ACTIVITY —
What you should give back is every line from the one containing "Đèn Châu Âu" through the last line of the records below, word for word and without pictures.
*** DATA EXTRACT Section Begins ***
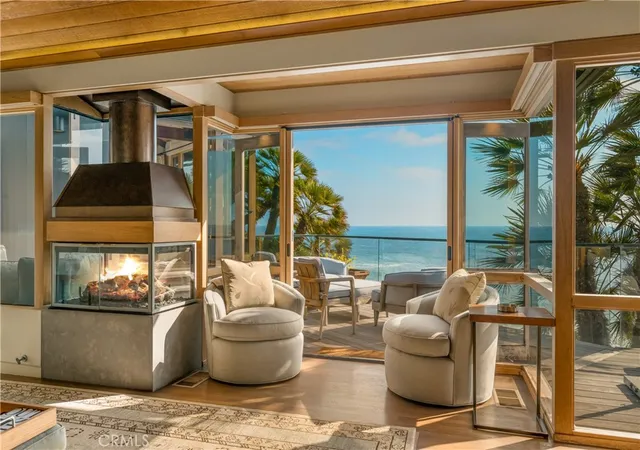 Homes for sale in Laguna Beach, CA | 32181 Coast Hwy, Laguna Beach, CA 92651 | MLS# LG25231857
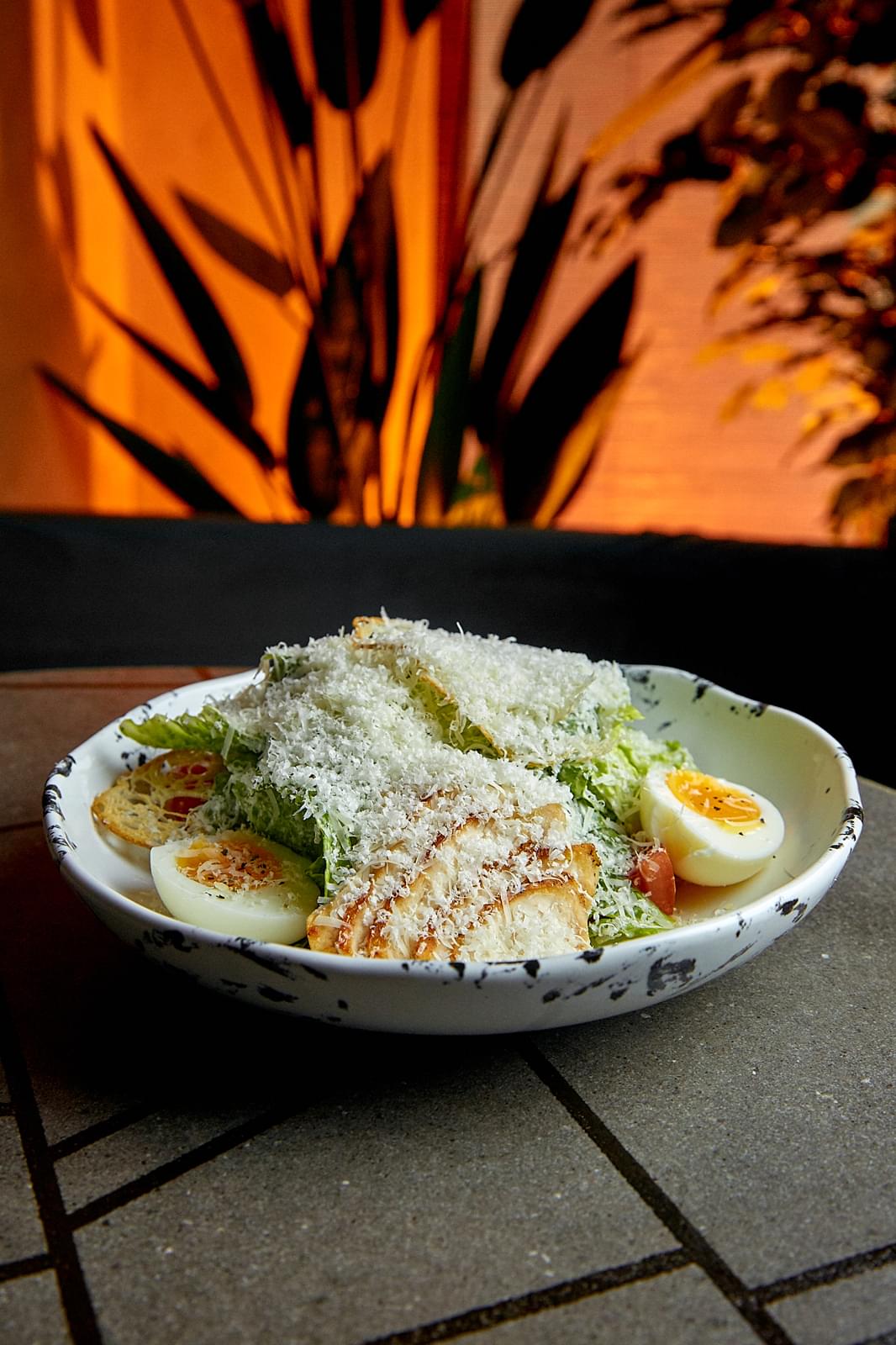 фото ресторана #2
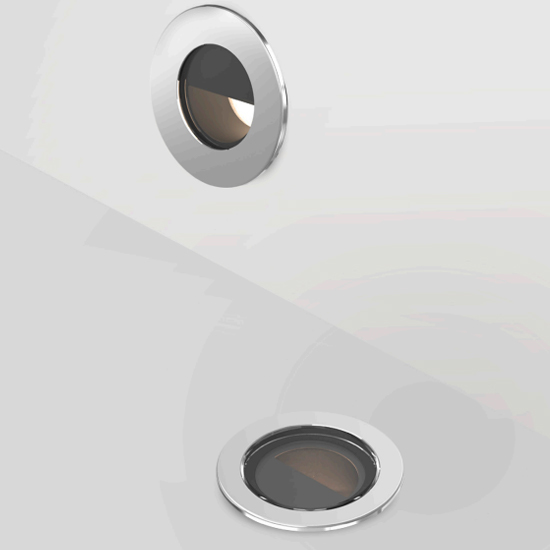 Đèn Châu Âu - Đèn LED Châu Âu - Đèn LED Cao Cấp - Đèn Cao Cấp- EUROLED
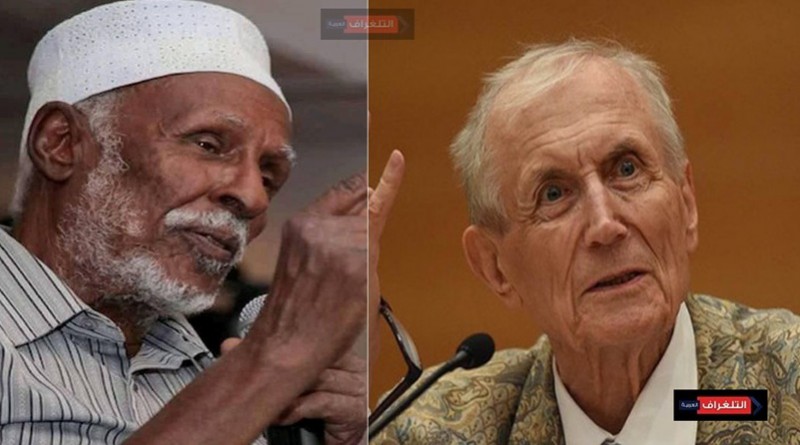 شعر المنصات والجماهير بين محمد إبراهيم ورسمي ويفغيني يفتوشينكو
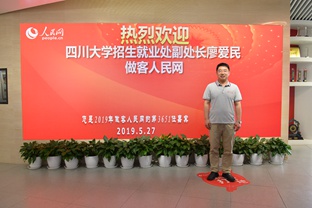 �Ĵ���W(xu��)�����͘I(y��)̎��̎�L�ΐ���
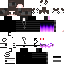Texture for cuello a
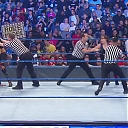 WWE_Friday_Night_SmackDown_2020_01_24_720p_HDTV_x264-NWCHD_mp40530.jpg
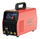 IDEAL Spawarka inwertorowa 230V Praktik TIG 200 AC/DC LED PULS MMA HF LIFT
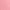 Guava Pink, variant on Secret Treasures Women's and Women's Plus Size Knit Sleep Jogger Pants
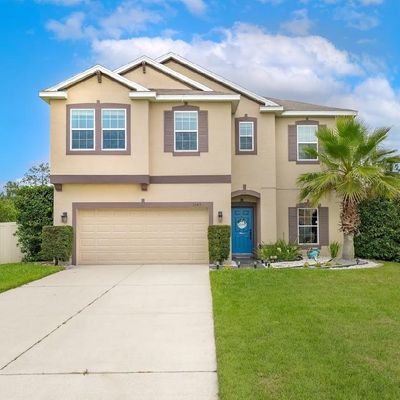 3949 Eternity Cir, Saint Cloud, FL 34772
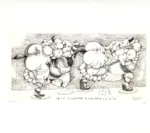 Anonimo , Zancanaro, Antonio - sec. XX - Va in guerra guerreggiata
*** DATA EXTRACT Section Ends ***
ANSWER SECTION —
 Đèn Châu Âu - Đèn LED Châu Âu - Đèn LED Cao Cấp - Đèn Cao Cấp- EUROLED
 شعر المنصات والجماهير بين محمد إبراهيم ورسمي ويفغيني يفتوشينكو
 �Ĵ���W(xu��)�����͘I(y��)̎��̎�L�ΐ���
Texture for cuello a
 WWE_Friday_Night_SmackDown_2020_01_24_720p_HDTV_x264-NWCHD_mp40530.jpg
 IDEAL Spawarka inwertorowa 230V Praktik TIG 200 AC/DC LED PULS MMA HF LIFT
 Guava Pink, variant on Secret Treasures Women's and Women's Plus Size Knit Sleep Jogger Pants
 3949 Eternity Cir, Saint Cloud, FL 34772
 Anonimo , Zancanaro, Antonio - sec. XX - Va in guerra guerreggiata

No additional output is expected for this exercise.